This is me, about half an hour ago. My main emotion at the time was, although it doesn't show, a deep happiness at having achieved my ambition of doing nothing at all today - not even dressed yet at 5pm! Hurrah!
Yesterday, not working because still not quite well, I nevertheless and unavoidably spent much of the day running around. That is, two hours of it were spent in the optician's shop, admittedly doing nothing much, but it was still more stressful than sleeping, which was what I wanted to be doing. (There may be more on that particular, and peculiar, peccadilo anon.)
Yesterday afternoon I went into town to record four poems for a very enterprising young poet and student called Alex Pryce, who has a website of poetry podcasts. (She's only 19! And she got the funding! More impressive than my own dossy kids, I say.) We sat in a VERY plush office at NESTA, just off Fetter Lane - appropriately for podcasting, it looked like a gleaming white space-pod: two small poetry people round a giant table with orange leather swivel chairs, and I read four rather quirky poems into a posh, very officlal-looking, microphone.
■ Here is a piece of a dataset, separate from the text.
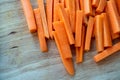 Fresh organic carrots sliced on the table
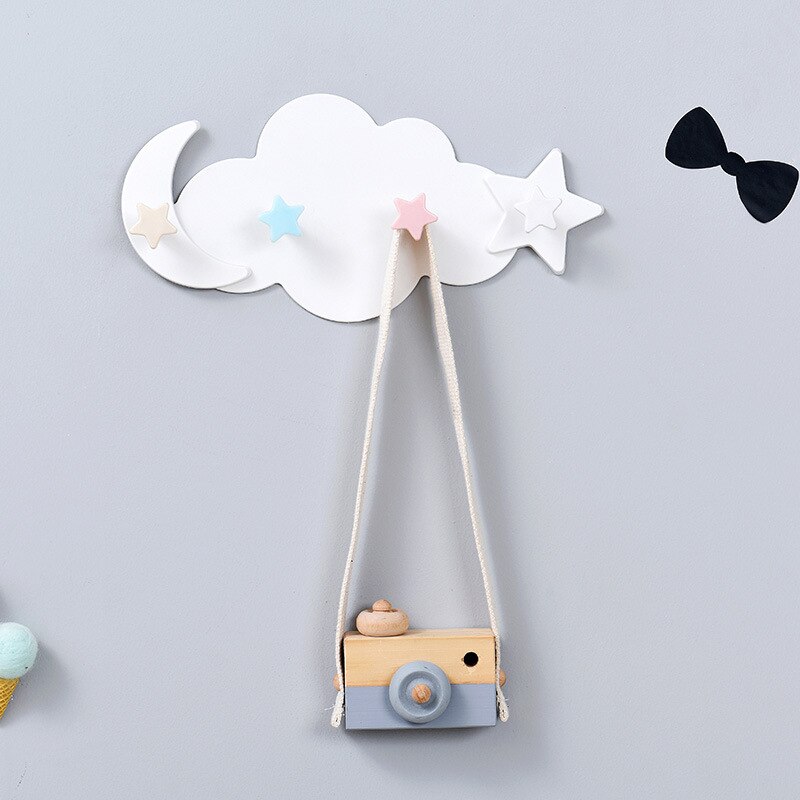 Creative Star Moon Cloud Shape Nail-free Wall Clothes Hooks Kids Room Decorative Key Hanging Hanger Kitchen Storage Hook Child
Then I had an hour to kill before the shockingly penultimate poetry reading at Oxfam Books & Music - after four years of Todd Swift's seasonal events, one has bevcome accustomed to their simply happening as usual - so, finding myself very near Dr Johnson's house, I paid him a visit. Strange place, and strange to be in his house. I feel like I know him so well - and I don't think he was home. But it was lovely to be there, in his bedroom even! (Lawsie!) But, it's a shame, none of his windows look out on anything remotely like what the great man would have seen from them. The whole neighbourhood was heavily bombed in the war; his house escaped only by a miracle, and at the cost of the roof of his famous garret.
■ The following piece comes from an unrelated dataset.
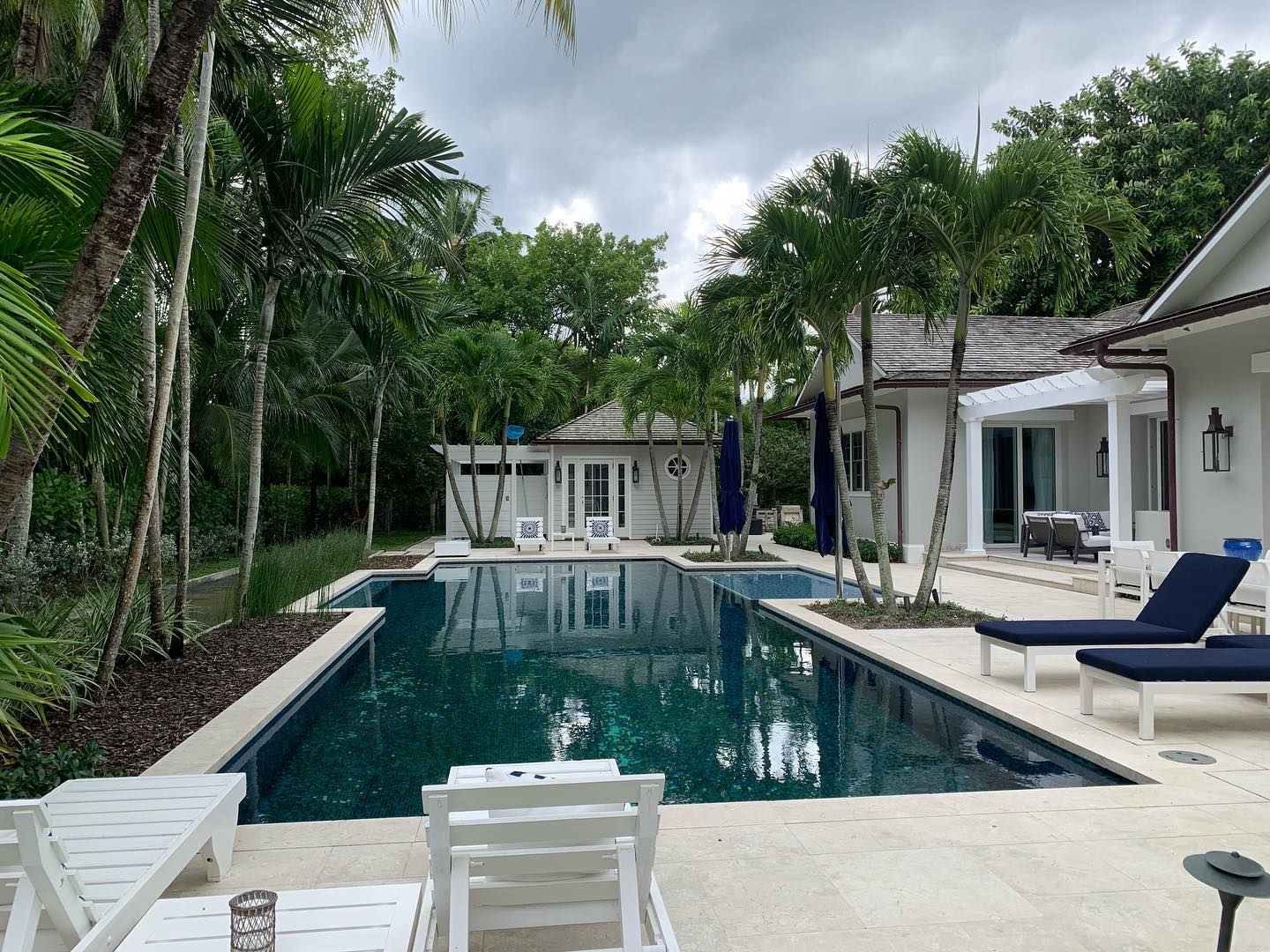 On location in Nassau. A shot of the completed pool and exterior. Working on interior furnishings to complete this wonderful project. #nassaubahamas #lyfordcay #bahamianarchitecture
There were many pictures, including almost every portrait you've ever seen of Johnson. That was a thrill. And was struck, once again, as I always am, by how kind David Garrick (the great actor) looked. He was a lovely man, a great mimic, and had a party routine of Johnson squeezing a lemon into a punch bowl, (apparently with "uncouth gestures"), saying, "Whoosh for poonsh?" And I saw Mrs Thrale's tea service! Another, & great, thrill. But of "Dr Johnson and his friends" there was precious little sign of any women, which seems a great shame. I came to him, after all, through the wonderful Fanny Burney.
And then a rainy, Londony trudge up to Marylebone for the reading (maybe a gift from the Doctor, whom I consider in many ways to be the embodied spirit of London, even though not originally "from" the city), by way of two buses and a long walk through Fitzrovia - by then already feeling debilitatingly tired - and an excellent evening. Three Salt poets in a row - Chris McCabe, Giles Goodland, and Julia Bird (whose book will be published in autumn 2008) - were fascinating and fun, with possibly more "innovative" (is that really the word we use?) work from the first two than you mostly hear in Oxfam... I loved them, they were funny and serious and sort of questing... though I could see two older poets shaking their heads as Chris McCabe read his letter to Rimbaud. One told me afterwards, "I just don't agree with him about Rimbaud!" Love that too. But I am on a book-buying moratorium and so did not take anything home with me from any of the authors. Damn. A splendid evening, though!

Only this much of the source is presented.